*Task goal*. From the first line to the last, return the data exactly as written.

(Stored data)

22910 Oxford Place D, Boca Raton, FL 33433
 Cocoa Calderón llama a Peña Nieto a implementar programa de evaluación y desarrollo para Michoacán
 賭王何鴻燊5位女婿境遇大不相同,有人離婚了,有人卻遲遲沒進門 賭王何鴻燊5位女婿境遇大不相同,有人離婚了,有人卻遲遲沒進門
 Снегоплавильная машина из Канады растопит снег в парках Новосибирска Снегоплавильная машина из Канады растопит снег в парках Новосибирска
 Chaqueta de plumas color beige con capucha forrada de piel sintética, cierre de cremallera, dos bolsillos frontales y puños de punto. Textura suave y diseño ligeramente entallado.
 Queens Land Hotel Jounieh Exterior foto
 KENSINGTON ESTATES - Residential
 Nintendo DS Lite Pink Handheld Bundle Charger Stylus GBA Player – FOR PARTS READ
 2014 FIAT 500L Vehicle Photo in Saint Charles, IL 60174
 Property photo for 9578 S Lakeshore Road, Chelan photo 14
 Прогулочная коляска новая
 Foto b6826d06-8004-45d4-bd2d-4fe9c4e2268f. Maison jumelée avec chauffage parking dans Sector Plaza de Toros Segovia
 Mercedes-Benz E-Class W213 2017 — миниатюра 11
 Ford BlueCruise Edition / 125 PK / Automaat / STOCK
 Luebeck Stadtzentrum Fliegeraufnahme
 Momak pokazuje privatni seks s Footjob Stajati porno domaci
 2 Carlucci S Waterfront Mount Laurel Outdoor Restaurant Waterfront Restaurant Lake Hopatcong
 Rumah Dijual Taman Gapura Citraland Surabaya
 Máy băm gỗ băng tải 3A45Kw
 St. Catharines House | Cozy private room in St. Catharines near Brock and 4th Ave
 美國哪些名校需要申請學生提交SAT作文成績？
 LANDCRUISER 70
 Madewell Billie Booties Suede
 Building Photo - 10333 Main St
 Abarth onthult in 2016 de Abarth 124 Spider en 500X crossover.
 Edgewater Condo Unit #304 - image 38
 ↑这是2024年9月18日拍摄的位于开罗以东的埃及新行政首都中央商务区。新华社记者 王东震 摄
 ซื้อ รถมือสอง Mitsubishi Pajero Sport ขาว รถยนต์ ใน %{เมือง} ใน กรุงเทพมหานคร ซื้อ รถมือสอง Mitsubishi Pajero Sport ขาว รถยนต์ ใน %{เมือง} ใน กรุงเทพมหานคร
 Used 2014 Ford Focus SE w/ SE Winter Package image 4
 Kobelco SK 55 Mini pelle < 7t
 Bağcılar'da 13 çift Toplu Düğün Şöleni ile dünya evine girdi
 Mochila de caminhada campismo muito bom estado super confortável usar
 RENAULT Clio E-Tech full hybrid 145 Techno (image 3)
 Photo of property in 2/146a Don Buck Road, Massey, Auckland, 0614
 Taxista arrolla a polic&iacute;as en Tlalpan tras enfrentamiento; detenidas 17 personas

*Solution for this exercise*.
22910 Oxford Place D, Boca Raton, FL 33433
 Cocoa Calderón llama a Peña Nieto a implementar programa de evaluación y desarrollo para Michoacán
 賭王何鴻燊5位女婿境遇大不相同,有人離婚了,有人卻遲遲沒進門 賭王何鴻燊5位女婿境遇大不相同,有人離婚了,有人卻遲遲沒進門
 Снегоплавильная машина из Канады растопит снег в парках Новосибирска Снегоплавильная машина из Канады растопит снег в парках Новосибирска
 Chaqueta de plumas color beige con capucha forrada de piel sintética, cierre de cremallera, dos bolsillos frontales y puños de punto. Textura suave y diseño ligeramente entallado.
 Queens Land Hotel Jounieh Exterior foto
 KENSINGTON ESTATES - Residential
 Nintendo DS Lite Pink Handheld Bundle Charger Stylus GBA Player – FOR PARTS READ
 2014 FIAT 500L Vehicle Photo in Saint Charles, IL 60174
 Property photo for 9578 S Lakeshore Road, Chelan photo 14
 Прогулочная коляска новая
 Foto b6826d06-8004-45d4-bd2d-4fe9c4e2268f. Maison jumelée avec chauffage parking dans Sector Plaza de Toros Segovia
 Mercedes-Benz E-Class W213 2017 — миниатюра 11
 Ford BlueCruise Edition / 125 PK / Automaat / STOCK
 Luebeck Stadtzentrum Fliegeraufnahme
 Momak pokazuje privatni seks s Footjob Stajati porno domaci
 2 Carlucci S Waterfront Mount Laurel Outdoor Restaurant Waterfront Restaurant Lake Hopatcong
 Rumah Dijual Taman Gapura Citraland Surabaya
 Máy băm gỗ băng tải 3A45Kw
 St. Catharines House | Cozy private room in St. Catharines near Brock and 4th Ave
 美國哪些名校需要申請學生提交SAT作文成績？
 LANDCRUISER 70
 Madewell Billie Booties Suede
 Building Photo - 10333 Main St
 Abarth onthult in 2016 de Abarth 124 Spider en 500X crossover.
 Edgewater Condo Unit #304 - image 38
 ↑这是2024年9月18日拍摄的位于开罗以东的埃及新行政首都中央商务区。新华社记者 王东震 摄
 ซื้อ รถมือสอง Mitsubishi Pajero Sport ขาว รถยนต์ ใน %{เมือง} ใน กรุงเทพมหานคร ซื้อ รถมือสอง Mitsubishi Pajero Sport ขาว รถยนต์ ใน %{เมือง} ใน กรุงเทพมหานคร
 Used 2014 Ford Focus SE w/ SE Winter Package image 4
 Kobelco SK 55 Mini pelle < 7t
 Bağcılar'da 13 çift Toplu Düğün Şöleni ile dünya evine girdi
 Mochila de caminhada campismo muito bom estado super confortável usar
 RENAULT Clio E-Tech full hybrid 145 Techno (image 3)
 Photo of property in 2/146a Don Buck Road, Massey, Auckland, 0614
 Taxista arrolla a polic&iacute;as en Tlalpan tras enfrentamiento; detenidas 17 personas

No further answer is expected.